意外に重要なのが「笑いのツボ」。映画やテレビを見ている時に、仲のいいカップルは、同じ場面で笑ったり似た反応をすることが多いもの。

「面白い」を共感できると、楽しい気持ちが伝染し二人の仲が深まりやすいのです。

「面白い」を共感できない異性との溝は埋まりにくいでしょう。特に「モラルに関わる面白さ」が違う場合、結婚や子育てをするうえで違和感を感じてしまうケースが多いでしょう。

 

「当たり前」に温度差があると互いに感謝しにくい

自転車ツーリングを楽しむ二人

カップルというものは、自分だけを見ていても、相手だけを見ていても、長続きするわけではありません。二人を客観視できる視点が必要です

この5つのポイント以外にも、
 

  • 彼氏は彼女に奢るもの
  • 女は料理が得意なもの


など「異性に対する固定観念」も「当たり前」の基準となりがちです。最初に紹介した事例も類似しています。

「ありがとう」の反対は「当たり前」といわれています

「当たり前」だと思うことに対して「ありがとう」という気持ちは生まれにくいもの。つまり、互いの「普通」が違い過ぎると、相手に対して「ありがたいなぁ」と感謝の気持ちを持てない可能性があります。

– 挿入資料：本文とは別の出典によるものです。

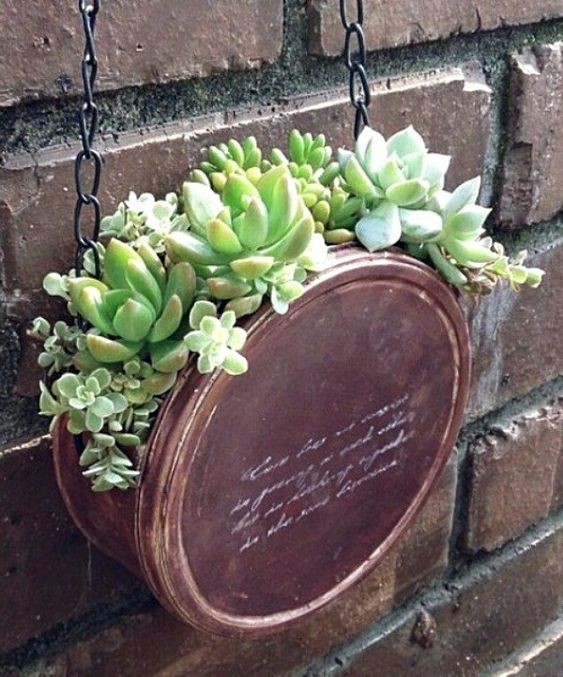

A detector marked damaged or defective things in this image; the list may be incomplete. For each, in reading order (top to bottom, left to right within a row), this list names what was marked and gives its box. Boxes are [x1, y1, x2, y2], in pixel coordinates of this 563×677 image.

rusty metal lid [137, 246, 472, 636]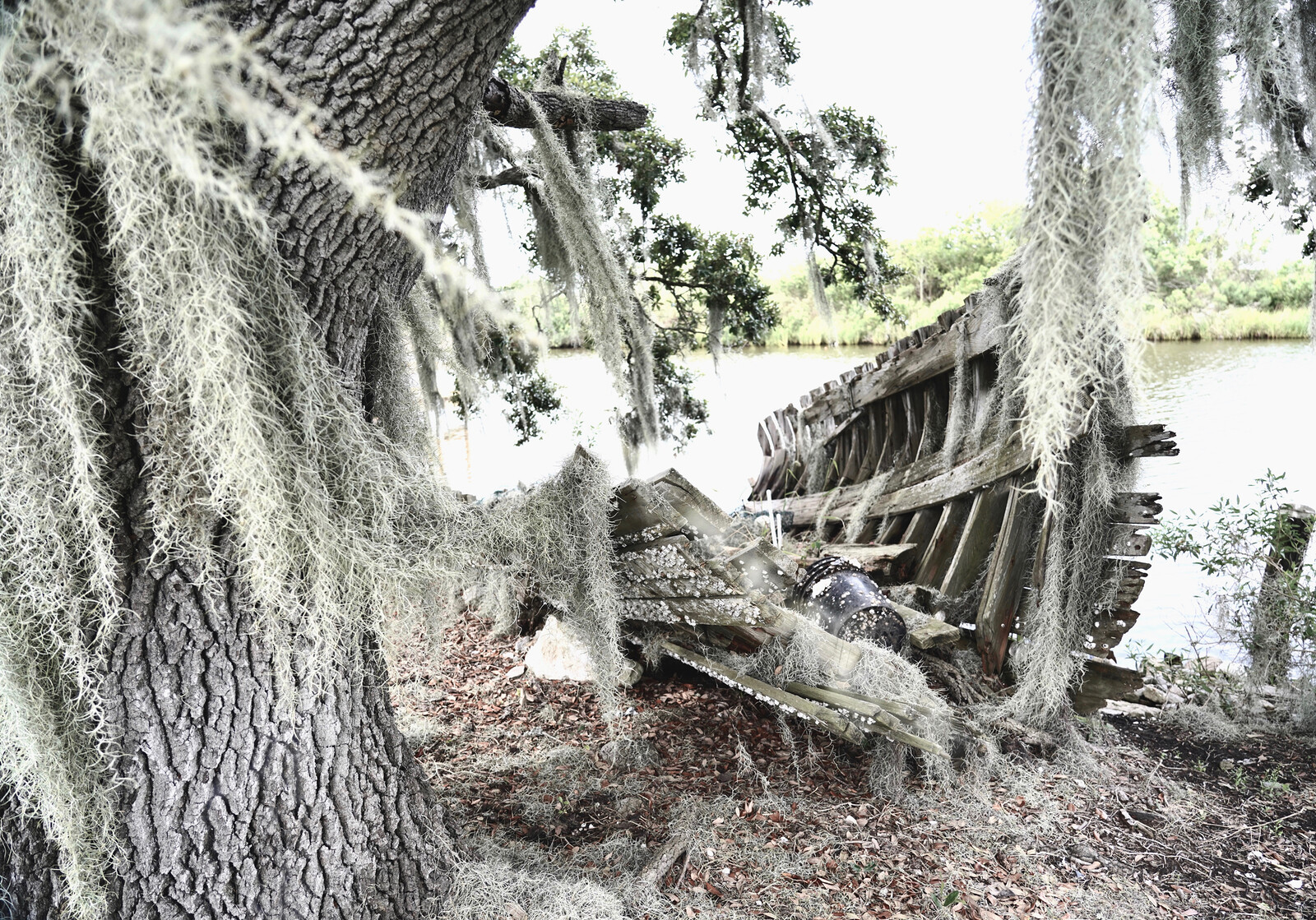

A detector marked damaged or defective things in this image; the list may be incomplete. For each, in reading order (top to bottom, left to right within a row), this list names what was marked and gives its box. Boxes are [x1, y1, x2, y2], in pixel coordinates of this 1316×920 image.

さらに「当たり前」は相手への「期待」にもつながります。感謝どころか「できないこと」に対する批判にもなりかねません。

お互いの存在に感謝し大切にし合える関係を育んでいきたいのなら、自分や相手がどんなことを「当たり前」だと感じているのか、一度、セルフチェックしてみてもいいかもしれませんね。